Note that in existing machine tools, the tank corresponding to coolant tank 5 is often shallow, but when such a machine tool is operated for 24 hours, the amount of coolant 11b that adheres to the work increases, so the coolant in the tank The liquid level L of 11b (see FIG. 13(b)) may drop in a short period of time. In this case, in the float suction 29 shown in FIG. 13(a), the scum suction pipe 7a comes into contact with the bottom surface of the tank as described above.

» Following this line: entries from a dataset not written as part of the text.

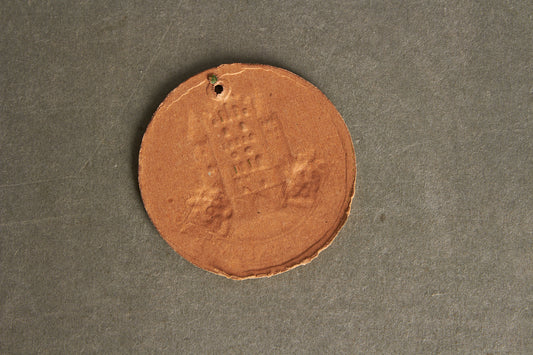 WW2 Tysk WHW Mærke. Original.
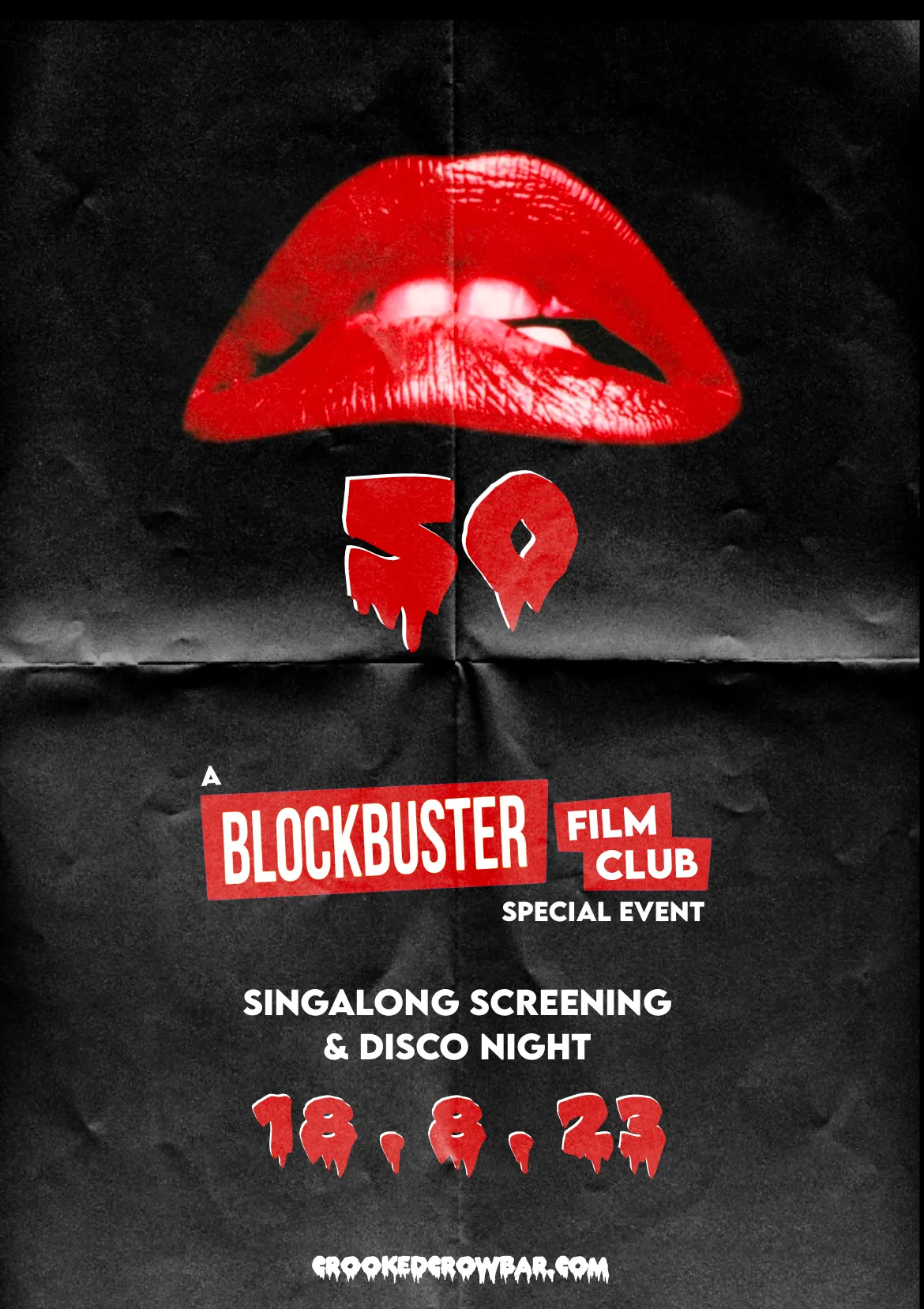 Rocky Horror Night!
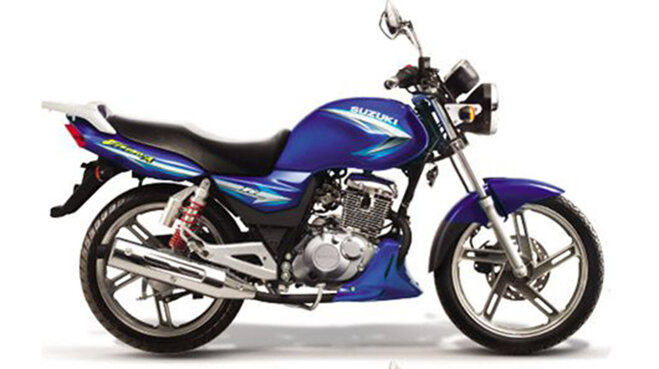 suzuki EN150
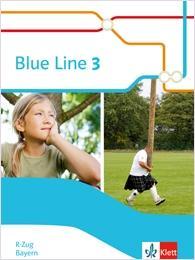 Blue Line 3 R-Zug. Schülerbuch (HC) 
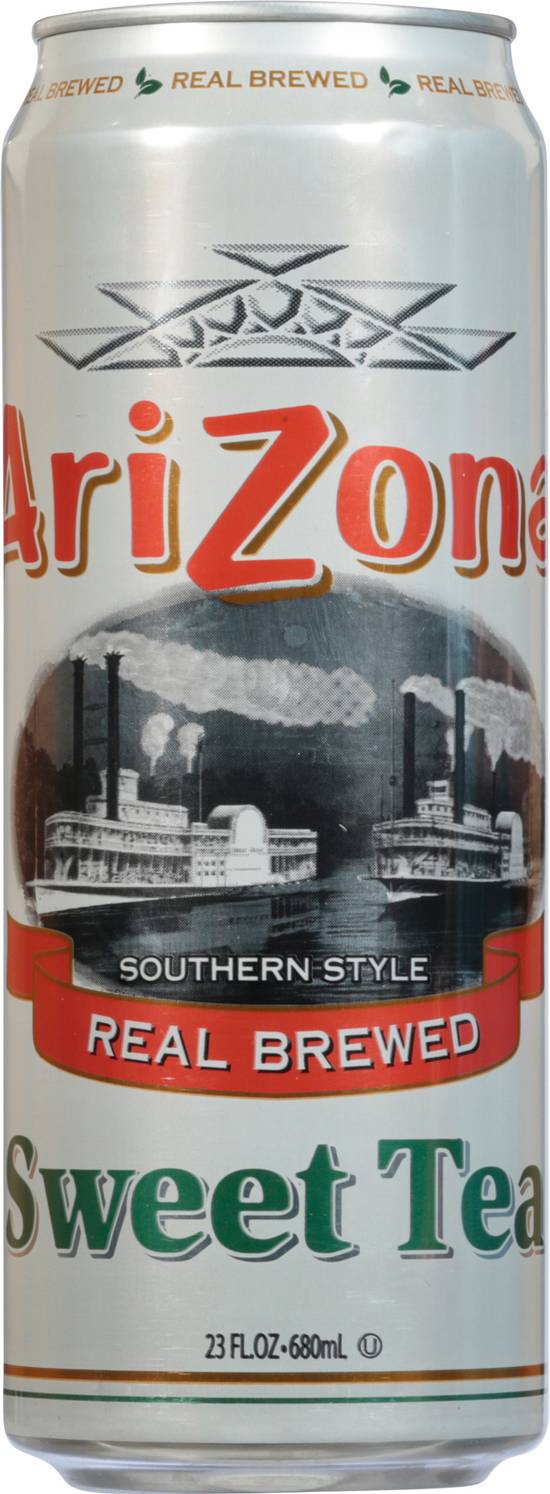 Arizona Southern Style Real Brewed Sweet Tea (23 fl oz)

FIG. 14(a) is an external perspective view of a mechanism for adjusting the amount of scum flowing into the float suction in a scum collection device according to a second embodiment of the present invention, and FIGS. 14(b) to 14(d) are diagrams. 14(a) is an external perspective view of a suction cup, a float shutter, and a floating aid that constitute the float suction shown in FIG. 14(a). 14(e) and 14(f) are a cross-sectional view taken along the line JJ in FIG. 14(b) and a cross-sectional view taken along the line KK in FIG. 14(c), respectively. 15(a) is a sectional view taken along the line II in FIG. 14(a), and FIG. 15(b) is a sectional view taken along the line II in FIG. 14(a). It is a diagram showing a moved state. In addition, in FIGS. 15(a) and 15(b), the suction cup is shown in a larger size than in the case shown in FIG. 14(a), and the scum is shown in a larger size than in the case shown in FIG. 2(b). The state is shown schematically. Further, the constituent elements shown in FIGS. 6 to 8 are designated by the same reference numerals, and the description thereof will be omitted as appropriate.

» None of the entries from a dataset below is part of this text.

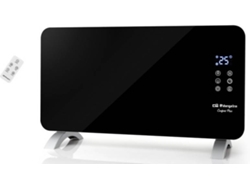 PANEL RADIANTE ORBEGOZO REH 2060 NEGRO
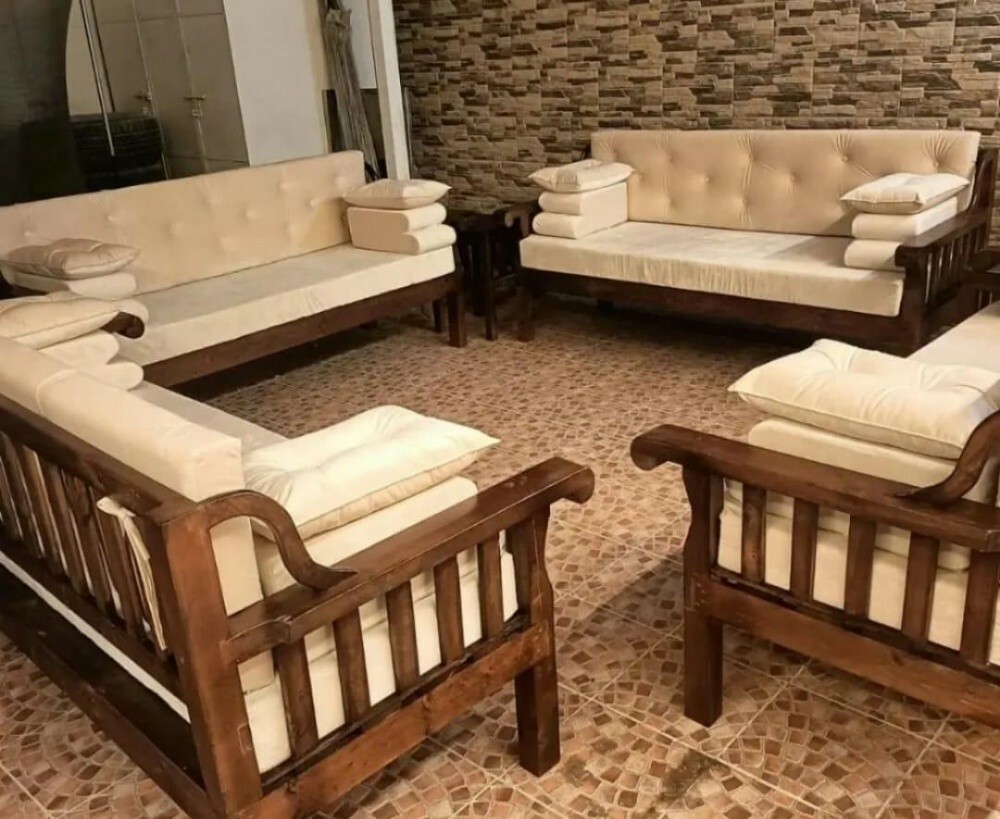 Sofa for sale conditions also new - 14
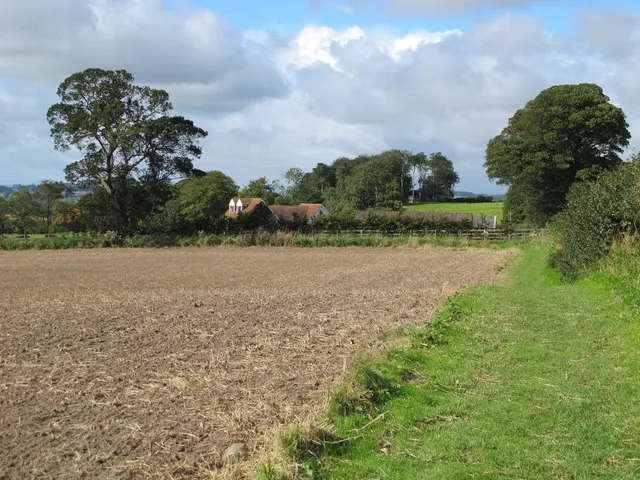 (The site of) Milecastle 14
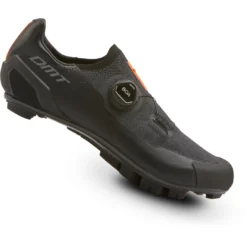 DMT KM30 MTB Schoenen - Zwart/zwart -Aanbiedingen Rijwiel Kleding Winkel dmt km30 mtb shoes black black 9 1417498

In the scum collection device of this embodiment, in the scum collection device 1 described in Embodiment 1, the scum inflow amount adjustment mechanism in the float suction 6 is replaced by a suction cup 38, a float shutter, and a suction cup 38 instead of the suction cup 21, shutter ring 22, and O-ring 28. 39 and a floating aid 40.

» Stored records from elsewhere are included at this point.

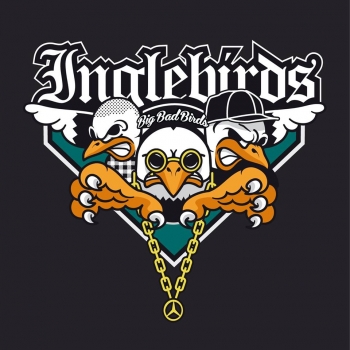 Inglebirds - Big Bad Birds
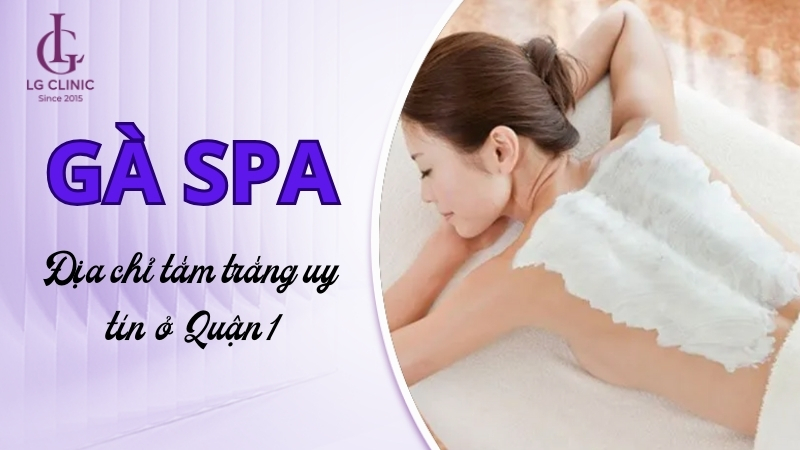 Gà Spa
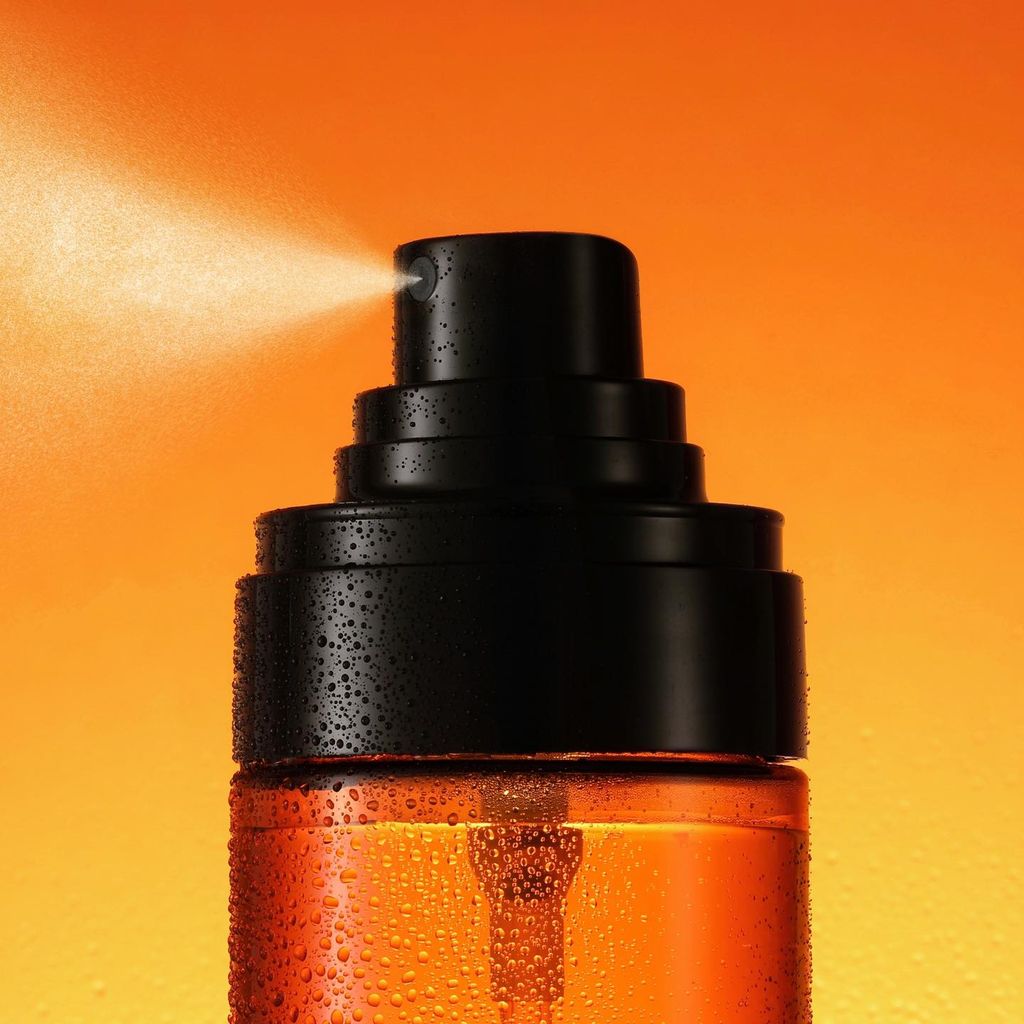 Xịt Khoáng Cocoon Hung Yen Turmeric Face Mist Nghệ Hưng Yên Giúp Sáng Da 130ml
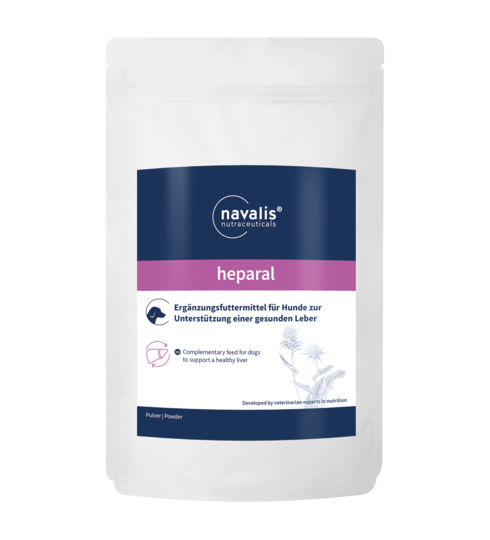 navalis heparal dog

As shown in FIGS. 14(a), 14(b), and 14(e), the suction cup 38 is made of a cylindrical body with a suction port 6a provided on the bottom surface 38a, and the suction cup 38 is made of a cylindrical body with a suction port 6a provided on the bottom surface 38a. Four notches 38c having a depth and a desired width in the circumferential direction are provided at approximately equal intervals in the circumferential direction. Further, inside the suction cup 38, a large diameter portion 38d is provided on the end surface 38b side, and a small diameter portion 38e is provided on the bottom surface 38a side. The suction cup 38 has a constant inner diameter at the large diameter portion 38d, but is formed so that the inner diameter once becomes small at the end of the large diameter portion 38d, and then gradually becomes smaller toward the small diameter portion 38e. .
As shown in FIGS. 14(c) and 14(f), the float shutter 39 is made of a cylindrical body with a constant outer diameter, and has an inclined portion inside thereof so that the inner diameter gradually decreases from the end surface 39a to a desired depth. 39c is provided, and a large diameter portion 39d is provided between the terminal end of the inclined portion 39c and the end face 39b where the inner diameter is the smallest. Note that the large diameter portion 39d is formed so that its inner diameter is larger than the inner diameter of the terminal end of the inclined portion 39c.
As shown in FIG. 14(d), the floating aid 40 has a cylindrical shape with an outer diameter smaller than the inner diameter of the large diameter part 39d of the float shutter 39 and larger than the inner diameter of the terminal end of the inclined part 39c, and It is formed of a member having a smaller specific gravity than 11b. That is, the floating aid material 40 can be installed inside the large diameter portion 39d of the float shutter 39, and when the floating aid material 40 is inserted into the float shutter 39 from the end surface 39b side, the end surface 40a becomes the terminal end of the inclined portion 39c. (See FIG. 15(a) or FIG. 15(b)).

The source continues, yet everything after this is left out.